CAAN Architecten have designed an office building for the property development company HECTAAR in Roeselare, Belgium.
Project description
The mission as proposed by the owner and master builder (Jan Masschelein en Mathias Van Daele, Hectaar NV) was to create an office on a small corner site of a former fueling station. The building area is situated on a large traffic crossroad, making its way into the centre of Roeselare. The surrounding of the crossroad is characterized by very differentiated architecture and other urban elements. The urban and morphologic challenge on this corner site was to create a transition between townhouses, realized on the building-line, and detached houses with front gardens.
By stacking different orientated volumes onto each other, the continuity of the facades is created both in the Iepersestraat as for the garden houses, without accentuating and toughening the corner. This is the main raison the first floor of the office exceeds the building-line and the complex is withdrawn on the ground floor (entrance, window, meeting room, storage room, techniques and toilets). These 2m cantilever creates a certain depth to the building as well as several parking places. The actual office is positioned on the first floor, which is orientated towards the crossroad. On top of the office a third volume is placed, functioning as a meeting room. This volume was essential to give the building the scale it needed in the particular urban context of the crossroad.
The different volumes are detailed as stored containers, in that way the eaves continue into 5cm shadow gaps, this gives the impression of floating volumes. Every ‘container’ has 1 open front, each with a different direction and orientation, each with another relation to the crossroad and streets. This generates a visual extended ‘promenade architectural’ within the building and creates different visual connections with the environment.

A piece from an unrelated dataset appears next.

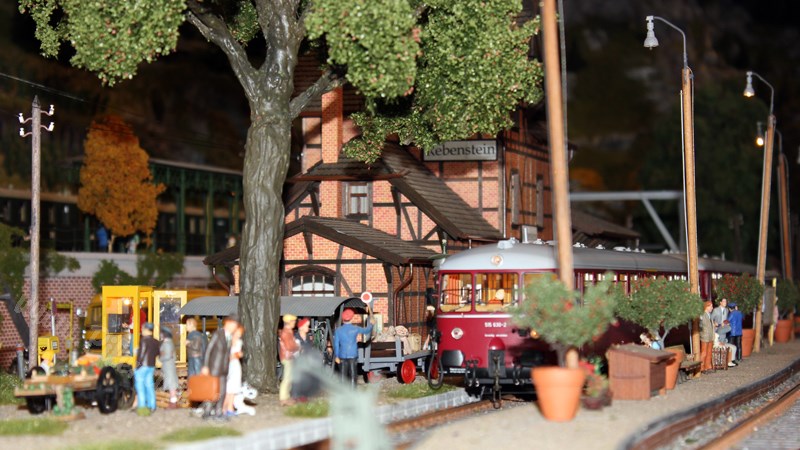 Model Railway Paradise in 1/32 Scale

The bronzed inox shingle cladding enforces the connotation of stored containers and presents the building with a warm character, certainly when sunrays sparkle. In this way the building’s appearance balances between warm and cool. One moment is has an industrial feel but transforms into a impressive gold object in a second. By opting for the shingle, the façade isn’t tight and flat but an organic surface which, depending sun, clouds, nighttime, … changes the different mood/atmosphere of the project. T-profiles provide a rhythm to the completely glazed façades. They function as guides for the sun protection screen, which were inevitable due to the east-south-west orientation of the building. In contrast to the guides, all necessities for these screens were executed invisibly within the black frames.

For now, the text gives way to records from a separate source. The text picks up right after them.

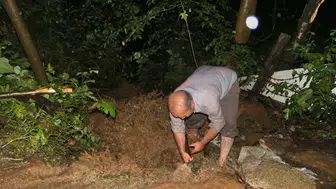 Artvin’de dere taştı sokaklar göle döndü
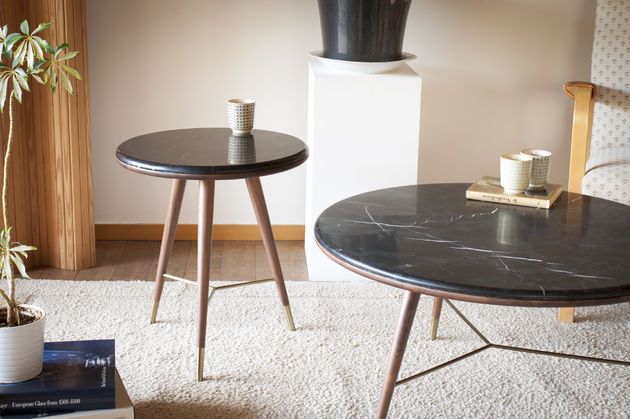 Black marble end table Sivart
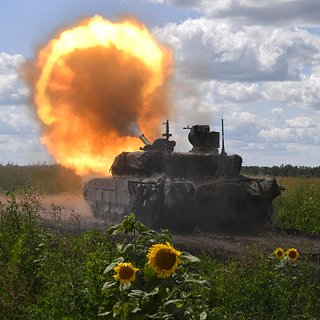 Российским военным передали танки Т-90М и Т-72Б3М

Within, the walls and ceiling are painted white, the floor is composed by a polished concrete floor. To create a soothing domestic atmosphere, the office is installed by detached furniture, curtains, lighting with warm colors, different uses of wood;
A light-colored afromosia is used to furnish meeting tables, the front side of the several desks, the staircase in the entrance, the different floating stairs in the hall and the flooring in the meeting room.

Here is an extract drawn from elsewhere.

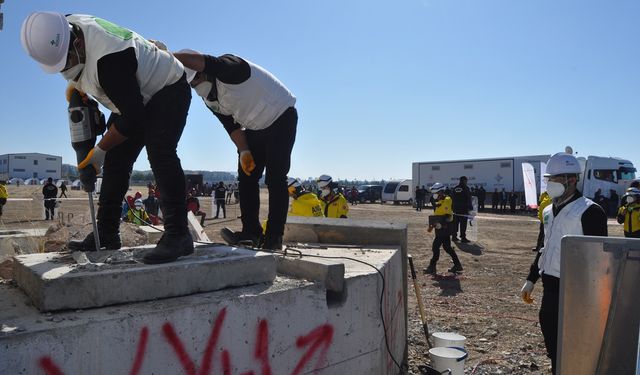 Deprem, yangın, kimyasal sızıntılara karşı tatbikat gerçeği aratmadı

Integrated acoustic panels in the desks and cabinets, as well as the curtains, ensure positive acoustic qualities. During daytime it’s the buildings’ shell that glows, at nighttime, small led lines, integrated at the bottom of the windows, give the building a beautiful glowThe result is a prominent building with the right appeal for the owner (building promotor Hectaar) that gives an otherwise dull crossroad character and direction.